[Directions for this task]: A word-for-word copy of the listing, free of images, is the expected answer.

[Material provided]:
○ ○ ○ ○ ○ ○ ○

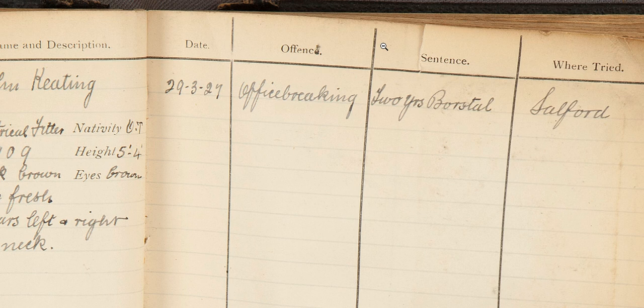Moving across, we've got the sentence and where he was tried, which is Salford. He must have been found guilty because under sentence it says two years Borstal. Borstal institutions were designed for people between the age of 16 and 21 — the people they would have called juvenile adults at the time. In the 1920s, the minimum sentence in a Borstal institution was two years and the maximum was three.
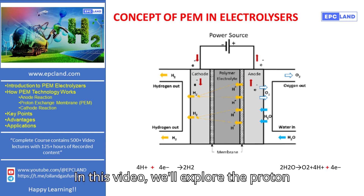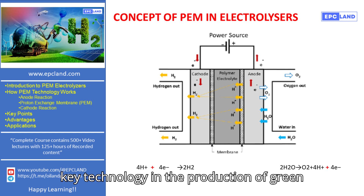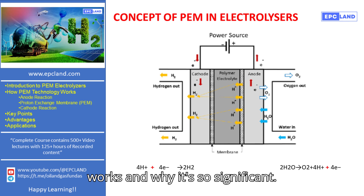In this video, we'll explore the Proton Exchange Membrane, or PEM, Electrolyzer — a key technology in the production of green hydrogen. Let's break down how it works and why it's so significant.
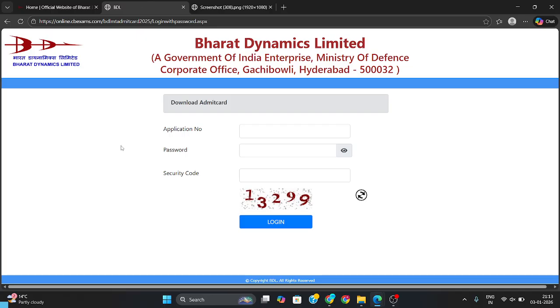The link for downloading the admit card is in the description box below. Click on that link and you will get the interface where you need to enter your application number and password to get your admit card. Thank you.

○ ○ ○ ○ ○ ○ ○

[Result for this task]:
Moving across, we've got the sentence and where he was tried, which is Salford. He must have been found guilty because under sentence it says two years Borstal. Borstal institutions were designed for people between the age of 16 and 21 — the people they would have called juvenile adults at the time. In the 1920s, the minimum sentence in a Borstal institution was two years and the maximum was three.
In this video, we'll explore the Proton Exchange Membrane, or PEM, Electrolyzer — a key technology in the production of green hydrogen. Let's break down how it works and why it's so significant.
The link for downloading the admit card is in the description box below. Click on that link and you will get the interface where you need to enter your application number and password to get your admit card. Thank you.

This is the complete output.